Posted on • Originally published at Medium

Migrating a Webpack-Era Federated Module to Vite Without Breaking the Host Contract

A practical guide to migrating a federated remote to Vite, based on lessons from a real migration.

I was tasked with updating a legacy React application that did not support Module Federation. That integration was added first so the app could run as a remote inside a larger host application. Later, the remote needed to migrate from Create React App (CRA) to Vite. By that point, the host already depended on the remote's loading behavior. The tricky part was not replacing CRA with Vite. It was preserving the runtime contract while only the remote changed bundlers.

If you own a CRA or webpack-era remote that still has to load cleanly inside an existing host, this post covers the cleanup work beforehand, the core CRA-to-Vite swap, the federation-specific deployment fixes, and a local dev harness for debugging the full host loading sequence without redeploying every change.

Terms for reference

  • CRA: Create React App. For years it was the default easy on-ramp for React apps before being deprecated in 2025.
  • CRACO: Create React App Configuration Override
  • Module Federation: A way for one application to load code from another at runtime instead of bundling everything together up front.
  • Host: The application that loads another app at runtime.
  • Remote: The application that exposes code for the host to load.
  • Runtime contract: The files and exported APIs the host already expects.

Why migrate?

  1. Dependabot alerts. The biggest issue was that the CRA dependency tree had kept accumulating a number of high-risk Dependabot alerts, and patching around them was getting harder to justify.

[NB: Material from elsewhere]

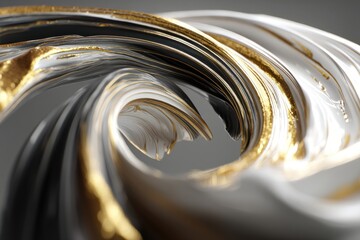 Poster - A mesmerizing abstract swirl of black, white and gold, showcasing fluid lines and dynamic motion, creating a luxurious and sophisticated design, perfect for artistic projects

  2. Slow builds. CRA and webpack took over a minute for a cold-start build.

  3. Too many config layers. CRACO was overriding CRA's webpack config, plus custom build scripts for module federation.

  4. Stale tooling. ESLint was still on the legacy .eslintrc format. Jest had its own separate config.

  5. Dependency rot. Years of Dependabot patches left dozens of manual resolutions in the dependency manifest that nobody fully understood anymore.

The goal was not just "swap the build tool." It was to reduce dependency risk, simplify the toolchain, and leave the project in a state that another engineer could pick up. Vite had already earned a strong reputation. What was different now was that there was finally enough maintenance pressure to justify spending sprint time on the migration.

Step 1: Remove dead weight

Before touching the build tool, everything that would conflict with Vite or had become dead weight needed to go.

Remove webpack and Babel dependencies

Some dependencies werent really "dependencies" so much as assumptions about the old toolchain:

  • Babel macros like preval.macro that ran at compile time. Vite doesnt run your app through the same pipeline that a CRA stack does.
  • CRA-specific packages like react-scripts, craco, react-app-rewired
  • Packages like jsonwebtoken that were built for Node.js and rely on polyfills that webpack injected automatically. Vite does not do this, so if anything in the browser code imports Node.js built-ins like crypto or Buffer, it will break.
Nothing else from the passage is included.